EXTRACTED ENTRIES |
★ ★ ★ ★ ★ ★ ★

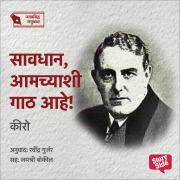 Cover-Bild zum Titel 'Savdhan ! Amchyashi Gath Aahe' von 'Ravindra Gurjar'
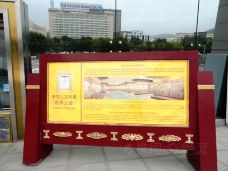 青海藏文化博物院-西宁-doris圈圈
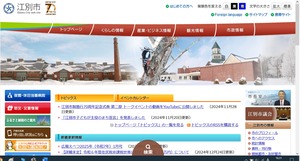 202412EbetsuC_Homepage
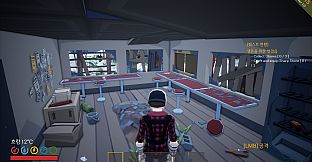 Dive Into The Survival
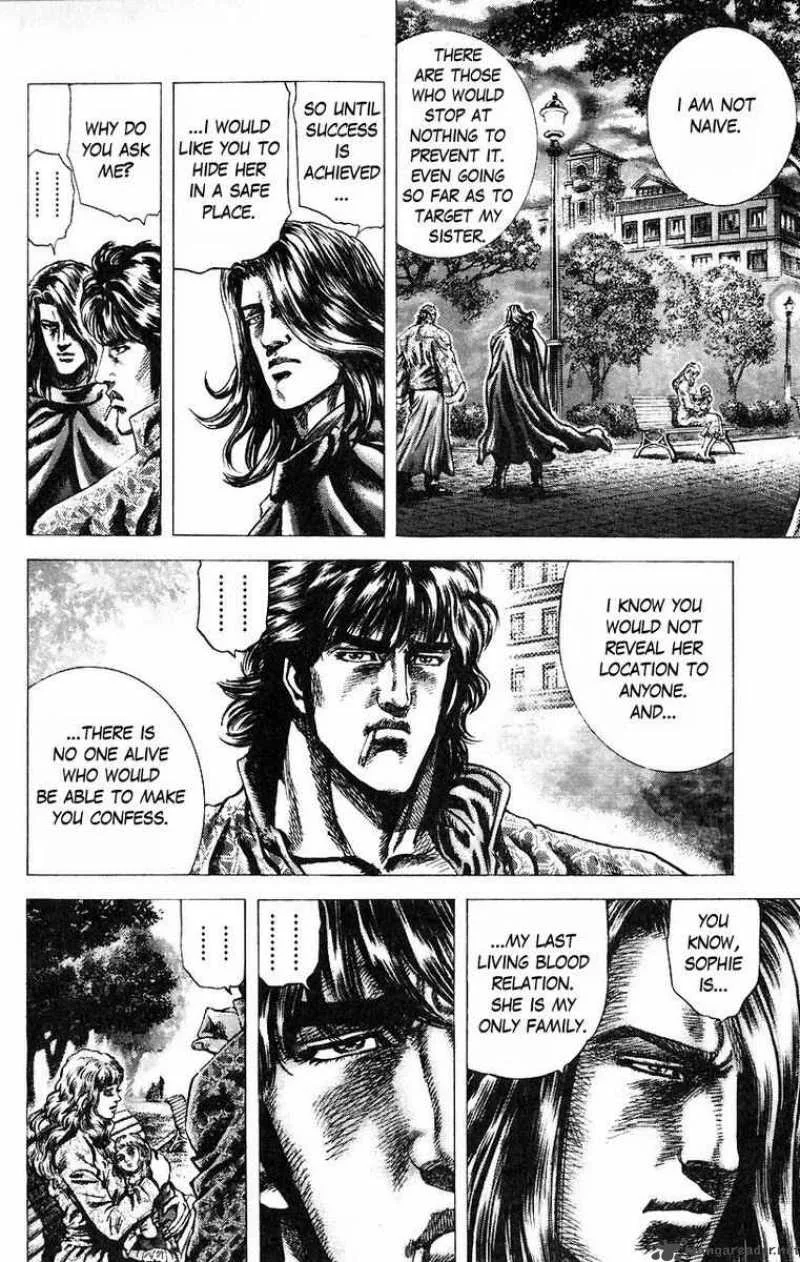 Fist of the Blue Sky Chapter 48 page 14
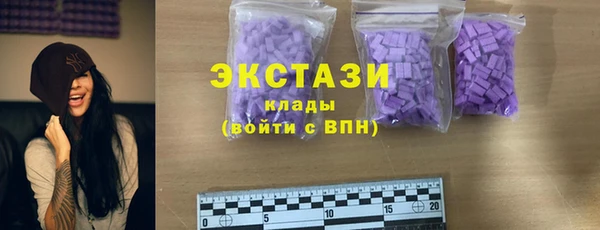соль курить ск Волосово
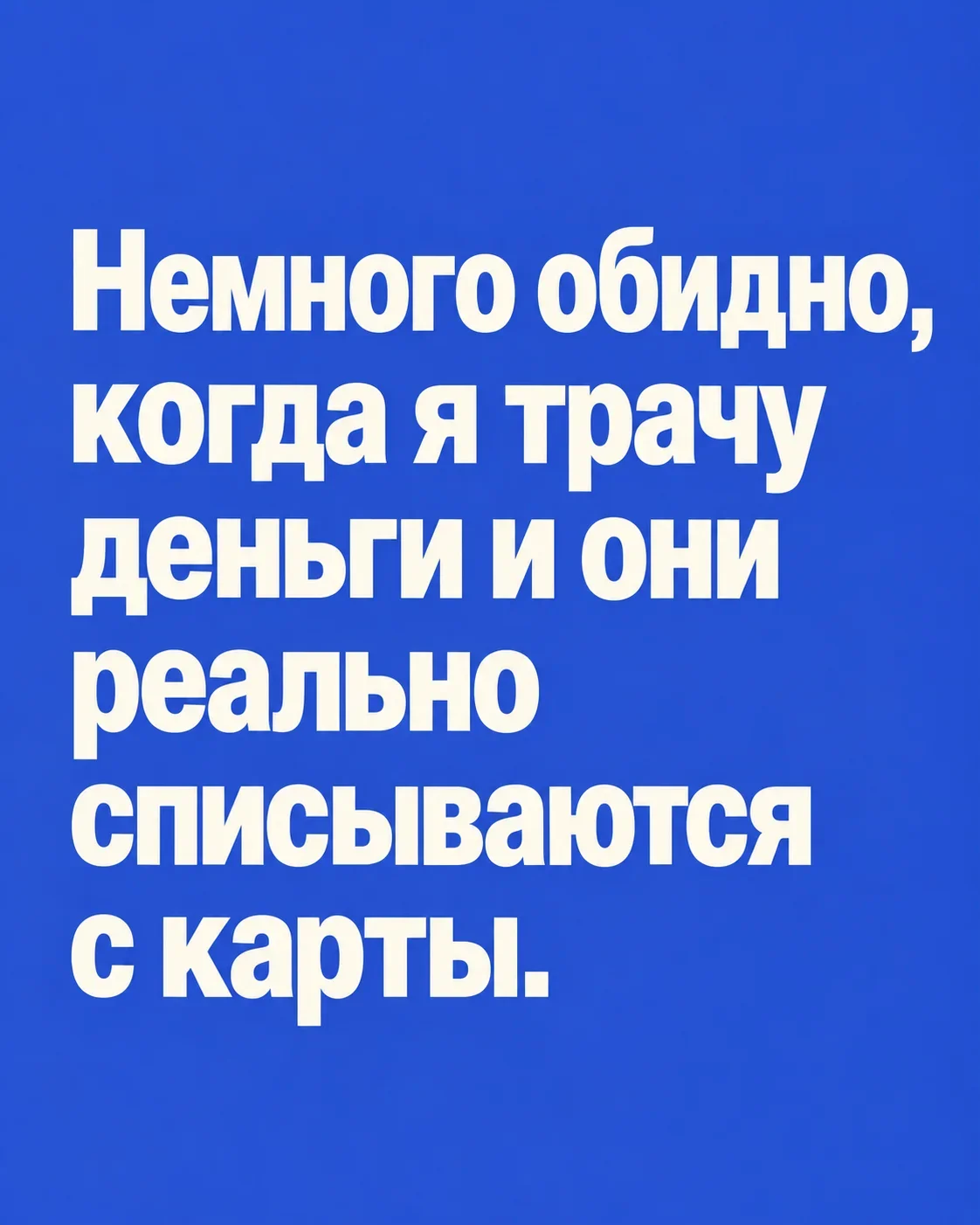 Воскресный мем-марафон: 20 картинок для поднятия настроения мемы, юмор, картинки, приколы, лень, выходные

★ ★ ★ ★ ★ ★ ★

PROBLEM DETAILS |
Wording must stay exact. Give again the lines from the line with "青海藏文化博物院-西宁-doris圈圈" through the last line of the listing, both ends included, without pictures.

SOLUTION TO THE PROBLEM |
 青海藏文化博物院-西宁-doris圈圈
 202412EbetsuC_Homepage
 Dive Into The Survival
 Fist of the Blue Sky Chapter 48 page 14
соль курить ск Волосово
 Воскресный мем-марафон: 20 картинок для поднятия настроения мемы, юмор, картинки, приколы, лень, выходные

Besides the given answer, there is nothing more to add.